─── Information ───
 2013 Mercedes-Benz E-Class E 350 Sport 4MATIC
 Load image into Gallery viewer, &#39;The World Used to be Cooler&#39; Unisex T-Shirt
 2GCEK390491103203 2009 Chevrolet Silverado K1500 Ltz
───
─── Information ───
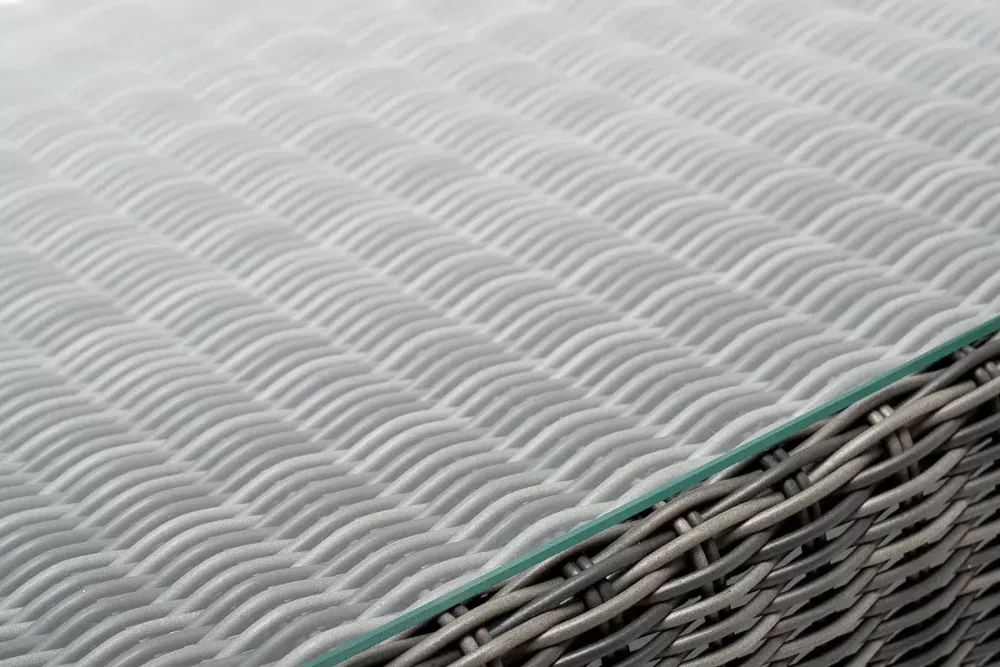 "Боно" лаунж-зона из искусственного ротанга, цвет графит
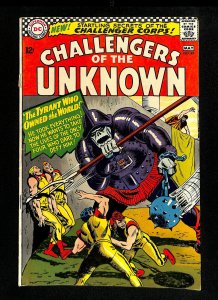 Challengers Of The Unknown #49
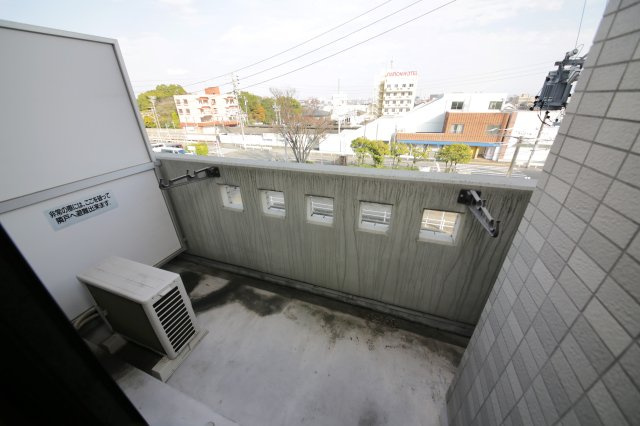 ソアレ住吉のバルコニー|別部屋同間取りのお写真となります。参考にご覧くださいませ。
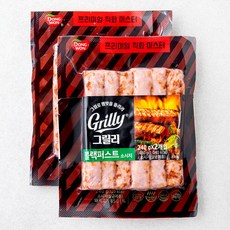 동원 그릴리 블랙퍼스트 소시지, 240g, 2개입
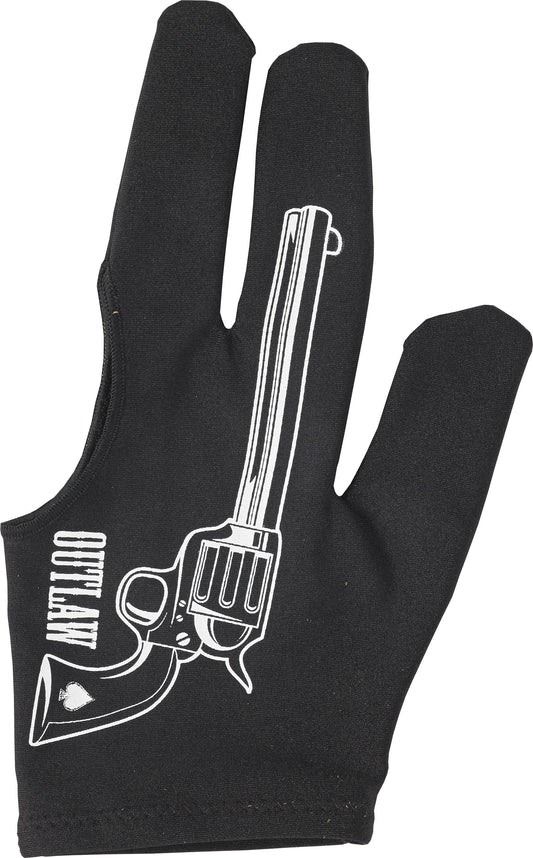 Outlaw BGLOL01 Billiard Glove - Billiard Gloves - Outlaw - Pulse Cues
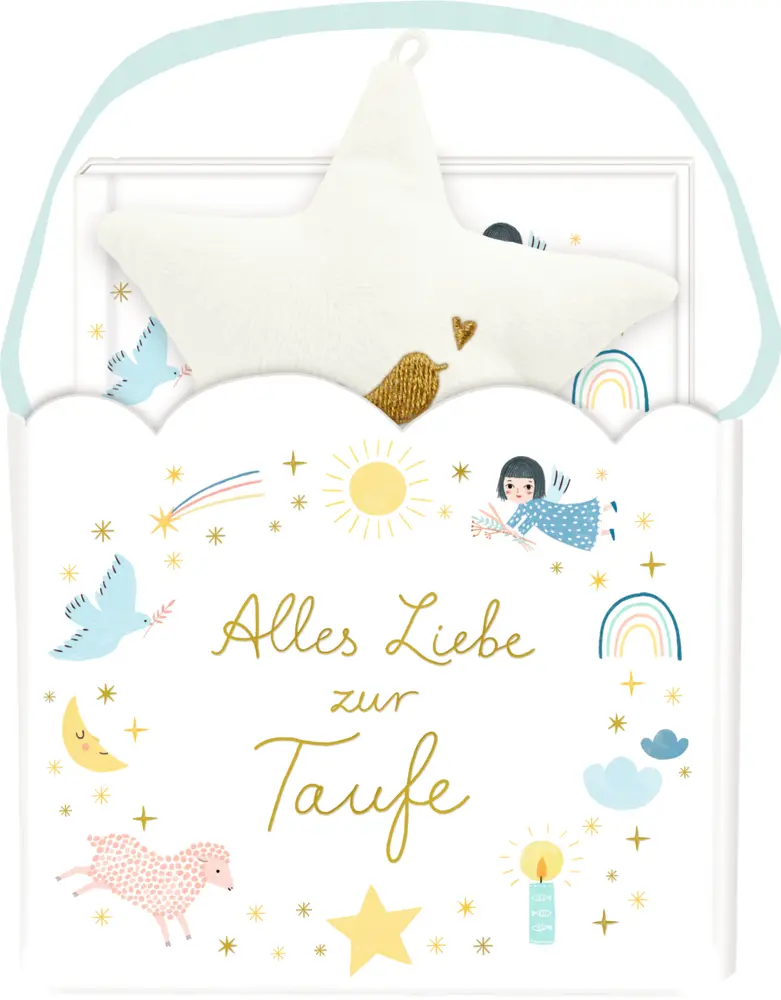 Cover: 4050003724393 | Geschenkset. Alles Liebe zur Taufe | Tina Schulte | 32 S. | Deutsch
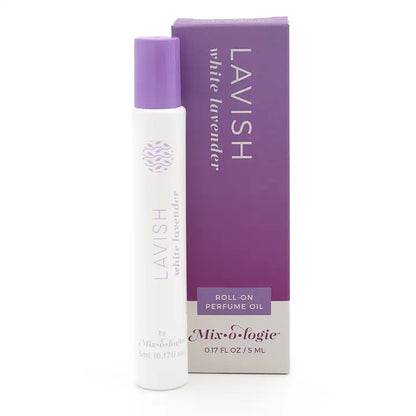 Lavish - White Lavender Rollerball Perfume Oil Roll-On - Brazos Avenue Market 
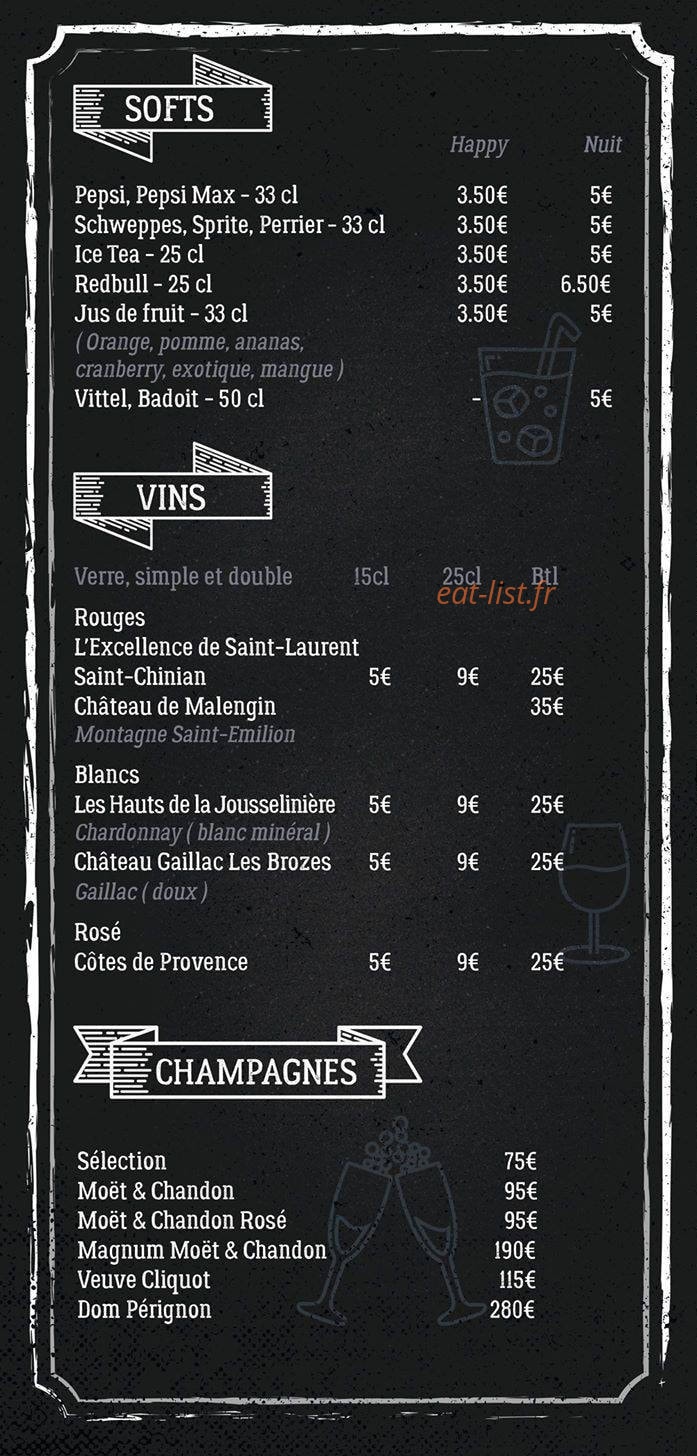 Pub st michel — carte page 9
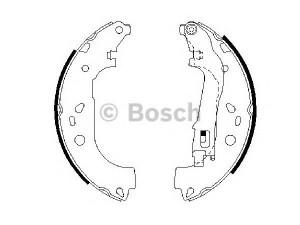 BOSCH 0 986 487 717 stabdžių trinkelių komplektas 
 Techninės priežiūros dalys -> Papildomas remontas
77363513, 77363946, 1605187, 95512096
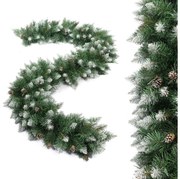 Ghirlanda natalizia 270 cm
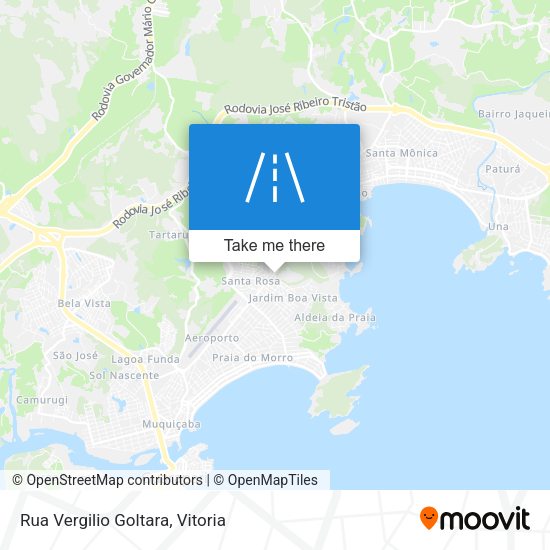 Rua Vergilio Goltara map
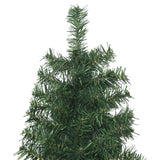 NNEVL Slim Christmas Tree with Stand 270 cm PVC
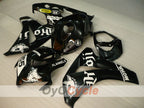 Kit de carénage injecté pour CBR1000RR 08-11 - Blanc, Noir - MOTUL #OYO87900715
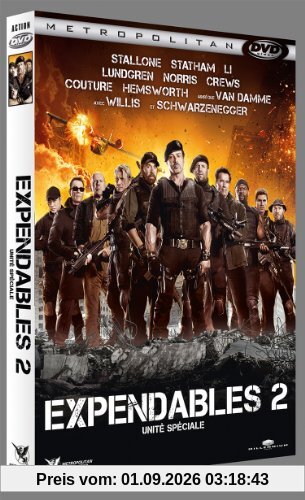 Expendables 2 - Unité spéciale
───
─── Information ───
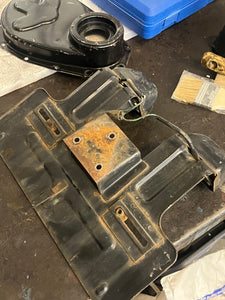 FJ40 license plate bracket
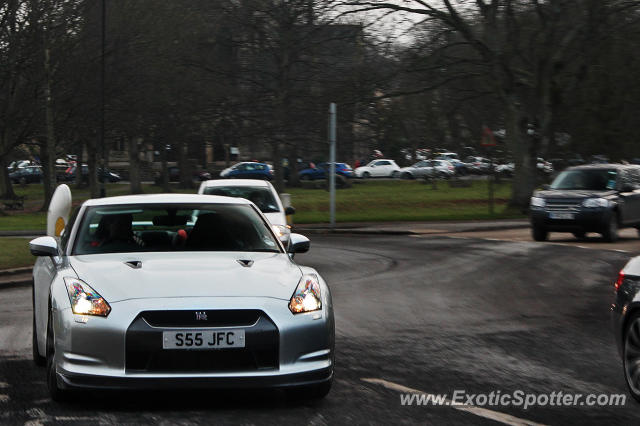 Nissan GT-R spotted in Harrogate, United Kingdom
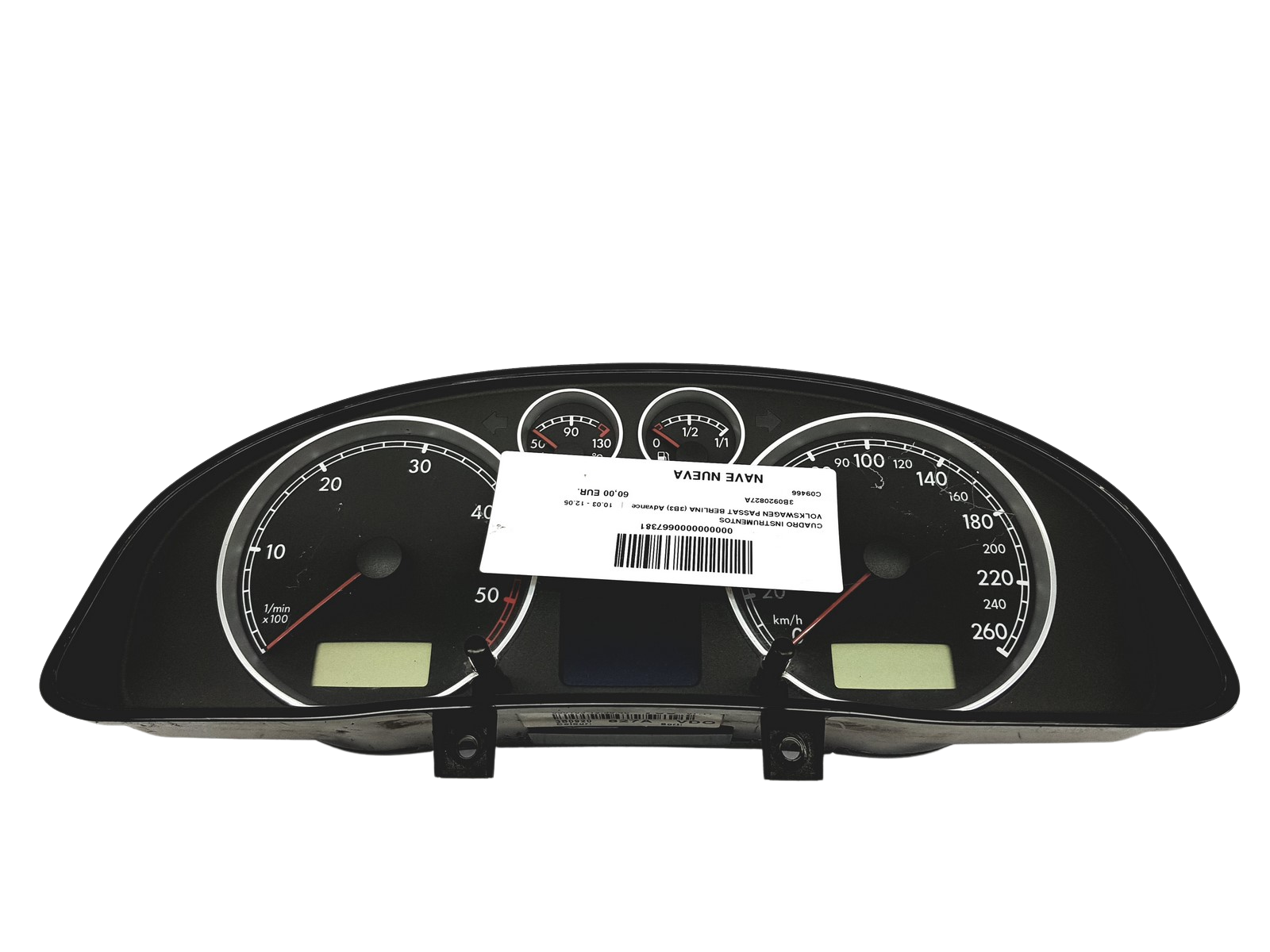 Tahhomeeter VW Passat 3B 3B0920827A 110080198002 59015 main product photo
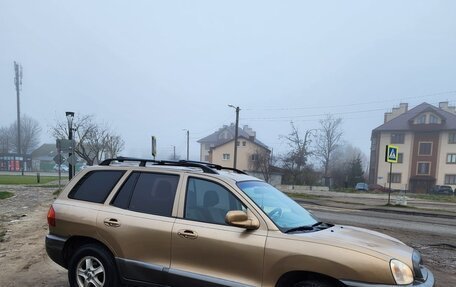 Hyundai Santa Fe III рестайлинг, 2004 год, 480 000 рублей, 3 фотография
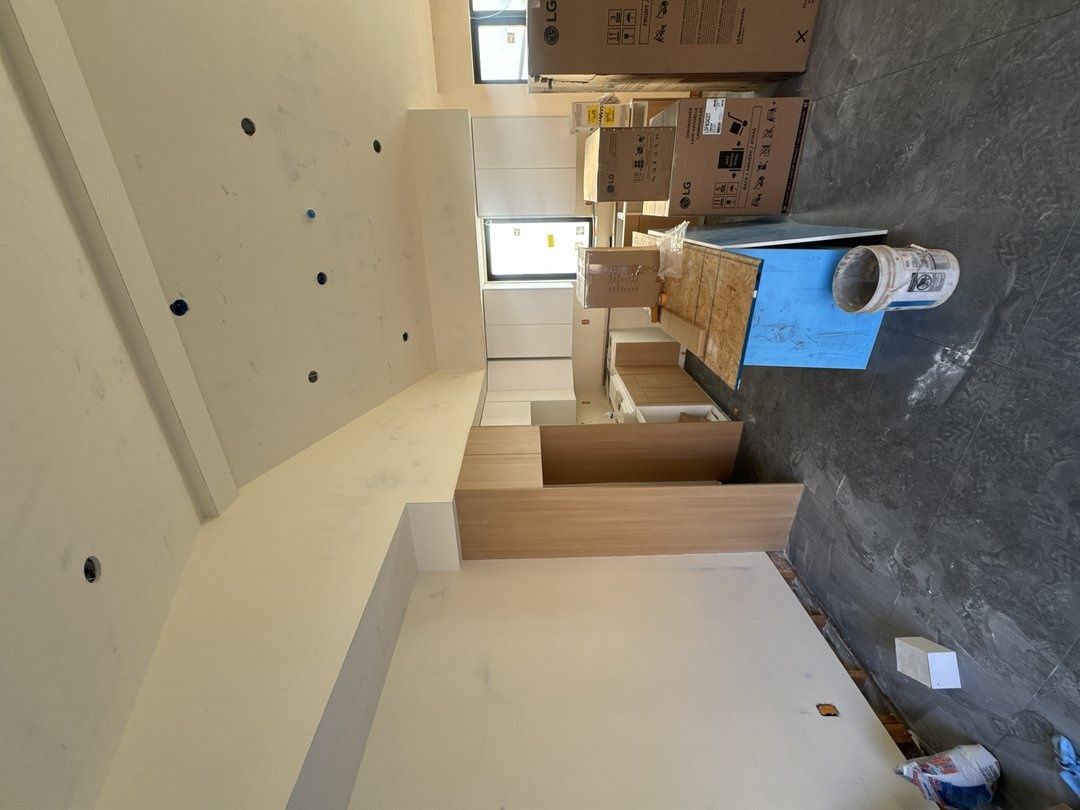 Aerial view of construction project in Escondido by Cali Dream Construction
───
**Exercise**
Start at the line above containing "Techninės priežiūros dalys" and stop at the line containing "Expendables 2 - Unité spéciale": print those lines and everything between them exactly, but not the pictures.

**Result of the task**
 Techninės priežiūros dalys -> Papildomas remontas
77363513, 77363946, 1605187, 95512096
 Ghirlanda natalizia 270 cm
 Rua Vergilio Goltara map
 NNEVL Slim Christmas Tree with Stand 270 cm PVC
 Kit de carénage injecté pour CBR1000RR 08-11 - Blanc, Noir - MOTUL #OYO87900715
 Expendables 2 - Unité spéciale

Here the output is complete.